Most Americans have probably never heard of Special Registration, but it was a massive burden on those in this country from the listed Muslim-majority nations. Hundreds of those who registered were subsequently arrested on alleged immigration violations, although many of these men complained that their status was in fact legal but their paperwork was incomplete due to backlogs with the immigration system. The program registered over 80,000 men and boys, with more than 13,000 placed in deportation proceedings.
Did Special Registration make us safer? Hardly. Not a single charge of terrorism was levied as a result of the program, which was costing the American taxpayer more than $10 million a year. It was also a hugely inefficient use of resources. That was the conclusion of the Office of Inspector General of the Department of Homeland Security, which reviewed the program in February 2012 and found that the program’s databases were cumbersome and unreliable and that it was difficult for people to follow registration requirements. Time and resources are better spent, the Inspector General concluded, with targeted interviews aimed at gathering specific intelligence. In other words, blanket surveillance and monitoring programs such as this one, or the one Trump supporters are currently promoting, are a massive waste of effort.
Special Registration was formally deactivated in April 2011, but the effects still linger. Many immigrant families in this country were torn apart by the program’s deportation zeal. With its blunt and byzantine reporting requirements, Special Registration also alienated Muslim communities from law enforcement agencies and the Department of Homeland Security. And while the program is no longer active, it remains in place and can be resurrected at any time.

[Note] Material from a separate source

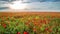 Field of flowering poppies in May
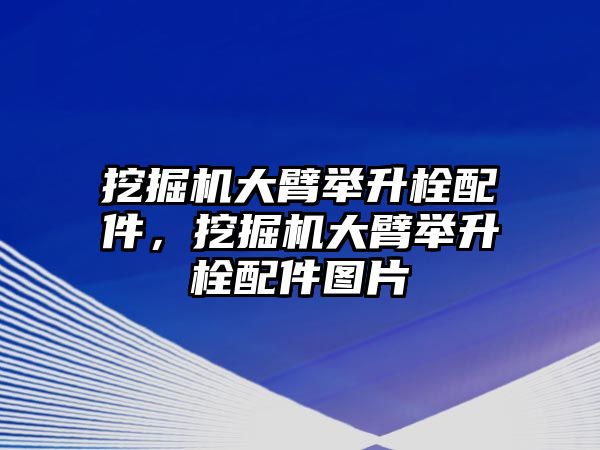 挖掘機(jī)大臂舉升栓配件，挖掘機(jī)大臂舉升栓配件圖片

When it announced the end of Special Registration enforcement, Homeland Security declared that it “seeks to identify specific individuals and actions that pose specific threats, rather than focusing on more general designations of groups of individuals, such as country of origin.” With this statement, Homeland Security was implicitly admitting that a program based on the blanket profiling of Muslims, in this case by their country of origin, was both wrong and ineffective. It was wrong then. It’s still wrong today.